(Items listed in a dataset)
^^^^^^^^

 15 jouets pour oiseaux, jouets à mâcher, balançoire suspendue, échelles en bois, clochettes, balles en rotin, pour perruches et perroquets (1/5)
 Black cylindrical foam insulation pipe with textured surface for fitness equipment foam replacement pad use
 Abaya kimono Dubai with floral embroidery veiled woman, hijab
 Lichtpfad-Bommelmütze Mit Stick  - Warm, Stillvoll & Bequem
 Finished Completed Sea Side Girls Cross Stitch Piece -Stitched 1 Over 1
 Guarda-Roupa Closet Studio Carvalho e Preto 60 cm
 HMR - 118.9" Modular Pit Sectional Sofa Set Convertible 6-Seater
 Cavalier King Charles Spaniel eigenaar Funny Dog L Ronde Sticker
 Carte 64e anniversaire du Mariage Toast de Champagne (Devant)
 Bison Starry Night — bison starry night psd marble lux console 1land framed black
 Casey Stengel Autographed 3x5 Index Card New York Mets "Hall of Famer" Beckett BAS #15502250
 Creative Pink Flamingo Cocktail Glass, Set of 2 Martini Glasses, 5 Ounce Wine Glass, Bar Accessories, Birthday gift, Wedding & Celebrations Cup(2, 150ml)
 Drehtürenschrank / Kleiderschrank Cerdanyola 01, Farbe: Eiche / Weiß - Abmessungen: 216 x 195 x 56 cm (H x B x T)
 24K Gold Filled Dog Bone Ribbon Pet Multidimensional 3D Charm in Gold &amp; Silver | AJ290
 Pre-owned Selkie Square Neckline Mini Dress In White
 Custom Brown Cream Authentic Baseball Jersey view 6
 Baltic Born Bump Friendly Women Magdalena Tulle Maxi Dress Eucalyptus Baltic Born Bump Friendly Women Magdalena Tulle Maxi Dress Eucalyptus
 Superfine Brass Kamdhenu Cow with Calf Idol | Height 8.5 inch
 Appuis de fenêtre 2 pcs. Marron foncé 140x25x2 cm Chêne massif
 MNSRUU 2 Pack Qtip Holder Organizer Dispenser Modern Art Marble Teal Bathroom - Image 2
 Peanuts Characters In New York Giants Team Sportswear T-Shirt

^^^^^^^^

Transcribe each entry exactly.

Solution to this exercise
 15 jouets pour oiseaux, jouets à mâcher, balançoire suspendue, échelles en bois, clochettes, balles en rotin, pour perruches et perroquets (1/5)
 Black cylindrical foam insulation pipe with textured surface for fitness equipment foam replacement pad use
 Abaya kimono Dubai with floral embroidery veiled woman, hijab
 Lichtpfad-Bommelmütze Mit Stick  - Warm, Stillvoll & Bequem
 Finished Completed Sea Side Girls Cross Stitch Piece -Stitched 1 Over 1
 Guarda-Roupa Closet Studio Carvalho e Preto 60 cm
 HMR - 118.9" Modular Pit Sectional Sofa Set Convertible 6-Seater
 Cavalier King Charles Spaniel eigenaar Funny Dog L Ronde Sticker
 Carte 64e anniversaire du Mariage Toast de Champagne (Devant)
 Bison Starry Night — bison starry night psd marble lux console 1land framed black
 Casey Stengel Autographed 3x5 Index Card New York Mets "Hall of Famer" Beckett BAS #15502250
 Creative Pink Flamingo Cocktail Glass, Set of 2 Martini Glasses, 5 Ounce Wine Glass, Bar Accessories, Birthday gift, Wedding & Celebrations Cup(2, 150ml)
 Drehtürenschrank / Kleiderschrank Cerdanyola 01, Farbe: Eiche / Weiß - Abmessungen: 216 x 195 x 56 cm (H x B x T)
 24K Gold Filled Dog Bone Ribbon Pet Multidimensional 3D Charm in Gold &amp; Silver | AJ290
 Pre-owned Selkie Square Neckline Mini Dress In White
 Custom Brown Cream Authentic Baseball Jersey view 6
 Baltic Born Bump Friendly Women Magdalena Tulle Maxi Dress Eucalyptus Baltic Born Bump Friendly Women Magdalena Tulle Maxi Dress Eucalyptus
 Superfine Brass Kamdhenu Cow with Calf Idol | Height 8.5 inch
 Appuis de fenêtre 2 pcs. Marron foncé 140x25x2 cm Chêne massif
 MNSRUU 2 Pack Qtip Holder Organizer Dispenser Modern Art Marble Teal Bathroom - Image 2
 Peanuts Characters In New York Giants Team Sportswear T-Shirt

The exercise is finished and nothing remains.